Directions for this task >>
Word for word, restate the line containing "a living room" and all the lines that come after it in the entries below. Include nothing from before it.

Task inputs: Begin

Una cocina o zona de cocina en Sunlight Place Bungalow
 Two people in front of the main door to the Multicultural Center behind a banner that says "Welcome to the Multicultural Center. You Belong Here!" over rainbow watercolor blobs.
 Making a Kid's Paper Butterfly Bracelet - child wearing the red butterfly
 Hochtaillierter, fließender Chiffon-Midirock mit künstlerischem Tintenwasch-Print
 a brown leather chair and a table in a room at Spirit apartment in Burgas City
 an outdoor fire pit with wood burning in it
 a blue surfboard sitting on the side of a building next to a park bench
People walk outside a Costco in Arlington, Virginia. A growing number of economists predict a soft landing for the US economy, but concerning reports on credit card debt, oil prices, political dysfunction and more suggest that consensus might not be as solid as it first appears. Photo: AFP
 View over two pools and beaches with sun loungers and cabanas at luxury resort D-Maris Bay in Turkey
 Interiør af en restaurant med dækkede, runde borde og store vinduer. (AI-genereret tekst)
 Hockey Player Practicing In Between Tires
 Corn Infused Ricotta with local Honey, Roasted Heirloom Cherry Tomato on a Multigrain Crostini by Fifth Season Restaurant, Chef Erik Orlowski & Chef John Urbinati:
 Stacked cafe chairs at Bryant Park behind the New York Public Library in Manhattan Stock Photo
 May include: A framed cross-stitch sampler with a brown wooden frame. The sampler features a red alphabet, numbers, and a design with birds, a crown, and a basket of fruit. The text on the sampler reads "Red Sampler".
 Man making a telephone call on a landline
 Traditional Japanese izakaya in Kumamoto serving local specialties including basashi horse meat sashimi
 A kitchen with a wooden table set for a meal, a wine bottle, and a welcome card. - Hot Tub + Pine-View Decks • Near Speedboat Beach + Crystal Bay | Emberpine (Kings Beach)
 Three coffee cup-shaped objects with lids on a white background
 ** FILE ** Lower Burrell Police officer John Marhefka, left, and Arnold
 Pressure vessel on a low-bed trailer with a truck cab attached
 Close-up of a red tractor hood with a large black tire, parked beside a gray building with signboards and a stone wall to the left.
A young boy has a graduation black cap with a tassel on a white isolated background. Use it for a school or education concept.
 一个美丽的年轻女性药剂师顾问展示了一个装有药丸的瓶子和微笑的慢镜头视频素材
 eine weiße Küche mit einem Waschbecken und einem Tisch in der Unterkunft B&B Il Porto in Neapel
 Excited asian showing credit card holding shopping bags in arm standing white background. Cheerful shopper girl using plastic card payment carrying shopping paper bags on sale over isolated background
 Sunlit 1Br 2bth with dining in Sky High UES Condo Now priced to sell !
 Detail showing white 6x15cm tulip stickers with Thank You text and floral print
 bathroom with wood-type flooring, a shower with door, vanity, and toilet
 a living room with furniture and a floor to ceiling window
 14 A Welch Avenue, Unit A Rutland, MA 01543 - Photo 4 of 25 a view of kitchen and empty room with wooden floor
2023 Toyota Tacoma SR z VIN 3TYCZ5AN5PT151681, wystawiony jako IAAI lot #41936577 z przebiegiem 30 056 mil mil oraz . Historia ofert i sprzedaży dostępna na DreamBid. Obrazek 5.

Task inputs: End

Worked solution >>
 a living room with furniture and a floor to ceiling window
 14 A Welch Avenue, Unit A Rutland, MA 01543 - Photo 4 of 25 a view of kitchen and empty room with wooden floor
2023 Toyota Tacoma SR z VIN 3TYCZ5AN5PT151681, wystawiony jako IAAI lot #41936577 z przebiegiem 30 056 mil mil oraz . Historia ofert i sprzedaży dostępna na DreamBid. Obrazek 5.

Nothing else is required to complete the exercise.